Waco Brothers, Wacoworld (Bloodshot)
Curtis Ross
* 03/26/99
The Tampa Tribune
(Copyright 1999)
The biggest favor you could ever do a Waco Brothers CD is never to
see them live. In person, the Wacos come on like six banditos
trapped in the bunker with nothing to lose. They're surrounded and
they've got nothing left to do but spend all the ammo and leave as
many casualties as possible. Even if they ever make their own "Exile
on Main Street" or "Grievous Angel," they'll never capture that on a
5-inch silver platter.
So for recording purposes, the Wacos show they can do other
things: buoyant pop ("Day of the Dead"), steel guitar-drenched
weepers ("Hello to Everybody") and nasty, left-leaning social
commentary disguised as working man's blues ("Pigsville").
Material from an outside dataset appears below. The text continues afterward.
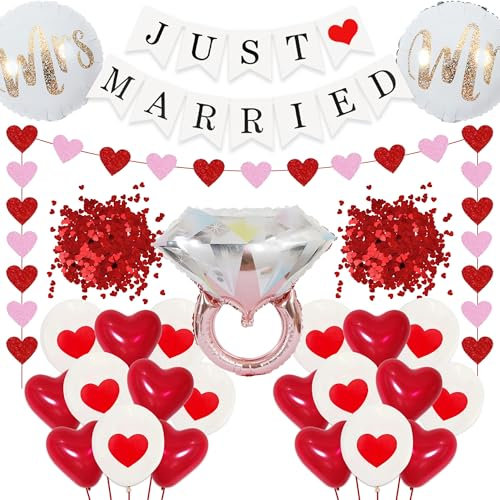 Just Married luftballons Hochzeitsdeko Set - 37 Stück Romantische Deko MR und MRS Diamant Folienballon, Herz Girlande Banner Rosenblätte Rot Weiß Ballons für Hochzeit Hochzeitstag Heiratsantrag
The eclecticism reflects this band's
* bizarre-for-even-alternative-country pedigree. Jon Langford is one
of the Mekons, who were pillaging country's roots a decade and a half
ago. But the respective outfits of Mark Durante (KMFDM?!) and Alan
Doughty (Jesus Jones?!) would seem to have little connection to the
Kentucky hills of Hank Williams.
It may be that outsider status that lets the Wacos take chances
* with country music that the crop of bimbos and bimbettes being
churned out by Nashville wouldn't dare, much less think of in the
first place. Hence the surf's-up guitar of "Good for Me" and the
sentiments of the same (I know what's good for me / But sometimes
it's good / To do all the other things).
The Clash-meets-Johnny Cash analogy has been overused to describe
this band (and probably ignores the fact that Cash got wilder and
crazier than the Clash ever did). But it gives a hint of what the
Brothers are capable of. Pray they visit Florida soon, and play
"Wacoworld" real loud in the meantime.